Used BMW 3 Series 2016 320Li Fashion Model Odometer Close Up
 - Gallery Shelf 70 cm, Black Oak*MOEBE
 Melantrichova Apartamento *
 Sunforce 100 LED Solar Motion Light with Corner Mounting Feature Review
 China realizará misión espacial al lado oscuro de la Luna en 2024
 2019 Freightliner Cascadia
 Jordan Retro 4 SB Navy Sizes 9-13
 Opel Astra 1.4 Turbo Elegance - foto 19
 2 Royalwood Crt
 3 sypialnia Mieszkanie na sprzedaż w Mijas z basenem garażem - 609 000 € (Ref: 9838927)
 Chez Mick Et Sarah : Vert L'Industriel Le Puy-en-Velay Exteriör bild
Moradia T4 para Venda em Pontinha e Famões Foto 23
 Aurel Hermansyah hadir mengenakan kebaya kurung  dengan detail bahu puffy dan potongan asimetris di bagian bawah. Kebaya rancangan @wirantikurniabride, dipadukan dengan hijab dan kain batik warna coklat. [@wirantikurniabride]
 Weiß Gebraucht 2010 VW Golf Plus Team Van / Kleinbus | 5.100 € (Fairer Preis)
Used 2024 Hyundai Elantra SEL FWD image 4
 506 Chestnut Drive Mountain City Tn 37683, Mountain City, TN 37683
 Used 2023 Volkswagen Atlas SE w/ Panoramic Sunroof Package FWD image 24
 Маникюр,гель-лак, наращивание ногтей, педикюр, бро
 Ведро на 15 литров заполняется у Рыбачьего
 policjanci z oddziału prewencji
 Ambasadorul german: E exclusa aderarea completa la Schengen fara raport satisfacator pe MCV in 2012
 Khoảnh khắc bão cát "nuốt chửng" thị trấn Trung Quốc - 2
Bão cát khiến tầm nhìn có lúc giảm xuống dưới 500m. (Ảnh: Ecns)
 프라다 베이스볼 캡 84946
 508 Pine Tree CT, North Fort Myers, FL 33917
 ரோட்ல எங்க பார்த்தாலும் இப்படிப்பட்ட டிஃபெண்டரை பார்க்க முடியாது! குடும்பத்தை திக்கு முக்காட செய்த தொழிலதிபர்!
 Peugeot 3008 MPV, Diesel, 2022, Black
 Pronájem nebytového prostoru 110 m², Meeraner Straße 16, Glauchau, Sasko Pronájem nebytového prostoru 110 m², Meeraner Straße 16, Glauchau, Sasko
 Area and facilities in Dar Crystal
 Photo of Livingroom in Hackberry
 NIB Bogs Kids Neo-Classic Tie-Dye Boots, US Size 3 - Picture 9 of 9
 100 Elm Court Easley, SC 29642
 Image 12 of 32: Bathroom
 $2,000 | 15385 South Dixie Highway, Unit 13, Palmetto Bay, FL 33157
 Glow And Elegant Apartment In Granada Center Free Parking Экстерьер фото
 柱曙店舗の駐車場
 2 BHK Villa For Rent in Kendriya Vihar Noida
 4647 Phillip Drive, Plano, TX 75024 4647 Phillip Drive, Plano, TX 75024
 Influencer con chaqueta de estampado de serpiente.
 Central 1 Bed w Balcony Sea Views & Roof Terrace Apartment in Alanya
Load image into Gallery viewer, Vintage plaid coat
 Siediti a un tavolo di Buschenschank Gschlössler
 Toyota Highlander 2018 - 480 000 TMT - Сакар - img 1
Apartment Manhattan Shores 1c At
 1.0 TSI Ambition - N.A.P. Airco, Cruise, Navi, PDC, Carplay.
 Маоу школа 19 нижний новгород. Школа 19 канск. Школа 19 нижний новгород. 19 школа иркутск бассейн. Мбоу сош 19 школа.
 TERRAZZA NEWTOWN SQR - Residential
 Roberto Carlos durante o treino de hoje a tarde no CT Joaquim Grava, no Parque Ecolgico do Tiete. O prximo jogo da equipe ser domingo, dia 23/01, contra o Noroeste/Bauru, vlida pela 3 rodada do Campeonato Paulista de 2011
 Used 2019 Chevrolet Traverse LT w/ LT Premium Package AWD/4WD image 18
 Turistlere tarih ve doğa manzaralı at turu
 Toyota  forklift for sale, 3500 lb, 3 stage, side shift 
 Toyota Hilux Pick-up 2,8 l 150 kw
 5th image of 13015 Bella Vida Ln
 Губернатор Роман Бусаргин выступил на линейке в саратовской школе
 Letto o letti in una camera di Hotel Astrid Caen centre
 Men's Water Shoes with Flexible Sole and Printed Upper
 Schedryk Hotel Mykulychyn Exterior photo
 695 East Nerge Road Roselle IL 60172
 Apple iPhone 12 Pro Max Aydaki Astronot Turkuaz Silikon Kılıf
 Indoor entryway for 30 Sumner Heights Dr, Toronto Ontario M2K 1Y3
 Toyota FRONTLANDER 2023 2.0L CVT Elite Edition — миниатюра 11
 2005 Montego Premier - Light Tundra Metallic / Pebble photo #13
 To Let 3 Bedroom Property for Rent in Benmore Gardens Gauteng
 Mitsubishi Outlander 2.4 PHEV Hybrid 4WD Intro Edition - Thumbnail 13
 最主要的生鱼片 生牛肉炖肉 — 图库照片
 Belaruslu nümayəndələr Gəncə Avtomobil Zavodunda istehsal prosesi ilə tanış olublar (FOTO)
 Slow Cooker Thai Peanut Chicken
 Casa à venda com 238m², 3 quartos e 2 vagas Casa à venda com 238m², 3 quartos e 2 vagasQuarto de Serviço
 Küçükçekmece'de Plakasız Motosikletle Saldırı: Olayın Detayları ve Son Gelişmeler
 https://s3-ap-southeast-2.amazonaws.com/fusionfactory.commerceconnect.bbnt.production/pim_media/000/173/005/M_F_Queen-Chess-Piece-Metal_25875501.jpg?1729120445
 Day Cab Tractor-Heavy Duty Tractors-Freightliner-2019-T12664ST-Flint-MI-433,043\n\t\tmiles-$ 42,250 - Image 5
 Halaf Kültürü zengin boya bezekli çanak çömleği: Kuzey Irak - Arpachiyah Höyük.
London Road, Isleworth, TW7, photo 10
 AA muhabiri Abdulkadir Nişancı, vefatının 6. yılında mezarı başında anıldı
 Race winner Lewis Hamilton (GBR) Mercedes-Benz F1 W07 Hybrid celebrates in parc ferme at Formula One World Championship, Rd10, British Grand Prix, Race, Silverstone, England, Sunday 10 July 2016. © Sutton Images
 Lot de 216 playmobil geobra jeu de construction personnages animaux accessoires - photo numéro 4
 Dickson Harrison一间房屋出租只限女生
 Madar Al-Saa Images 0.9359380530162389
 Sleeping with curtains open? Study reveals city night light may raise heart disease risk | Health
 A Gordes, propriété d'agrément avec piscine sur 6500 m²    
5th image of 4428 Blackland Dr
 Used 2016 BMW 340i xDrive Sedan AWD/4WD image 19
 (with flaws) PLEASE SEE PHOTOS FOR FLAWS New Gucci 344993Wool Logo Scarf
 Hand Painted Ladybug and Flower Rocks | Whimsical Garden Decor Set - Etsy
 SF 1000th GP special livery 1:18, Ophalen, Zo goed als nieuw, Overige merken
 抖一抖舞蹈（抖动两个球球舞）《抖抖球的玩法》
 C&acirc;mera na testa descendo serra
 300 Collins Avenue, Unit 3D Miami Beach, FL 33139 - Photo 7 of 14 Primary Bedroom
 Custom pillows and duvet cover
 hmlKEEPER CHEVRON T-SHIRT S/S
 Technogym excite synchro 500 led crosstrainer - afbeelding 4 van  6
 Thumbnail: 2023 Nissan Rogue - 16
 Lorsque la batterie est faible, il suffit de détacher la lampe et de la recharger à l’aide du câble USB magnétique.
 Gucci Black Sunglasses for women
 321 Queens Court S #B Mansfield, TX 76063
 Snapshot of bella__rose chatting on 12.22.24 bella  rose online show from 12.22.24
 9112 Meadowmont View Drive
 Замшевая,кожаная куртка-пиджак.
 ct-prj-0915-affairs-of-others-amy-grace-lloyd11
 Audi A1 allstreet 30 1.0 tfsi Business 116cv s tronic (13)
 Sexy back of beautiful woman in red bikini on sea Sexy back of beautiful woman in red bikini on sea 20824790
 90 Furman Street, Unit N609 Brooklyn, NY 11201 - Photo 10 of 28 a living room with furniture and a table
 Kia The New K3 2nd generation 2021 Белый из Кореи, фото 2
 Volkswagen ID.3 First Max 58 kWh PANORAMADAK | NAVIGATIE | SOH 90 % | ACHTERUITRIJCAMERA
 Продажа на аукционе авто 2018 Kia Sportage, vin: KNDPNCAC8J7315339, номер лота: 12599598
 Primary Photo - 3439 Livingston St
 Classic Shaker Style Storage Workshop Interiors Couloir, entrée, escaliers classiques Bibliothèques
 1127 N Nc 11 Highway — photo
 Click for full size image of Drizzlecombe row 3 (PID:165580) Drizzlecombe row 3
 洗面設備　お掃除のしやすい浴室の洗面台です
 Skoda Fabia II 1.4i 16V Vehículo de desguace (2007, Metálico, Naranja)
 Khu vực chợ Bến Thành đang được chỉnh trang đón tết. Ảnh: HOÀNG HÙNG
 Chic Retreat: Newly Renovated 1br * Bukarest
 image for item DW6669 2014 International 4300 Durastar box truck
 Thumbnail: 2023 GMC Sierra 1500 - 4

**WHAT NEEDS TO BE DONE:**
The answer is a number only: how many lines of the data above include "Hotel"?

**PROBLEM SOLUTION:**
2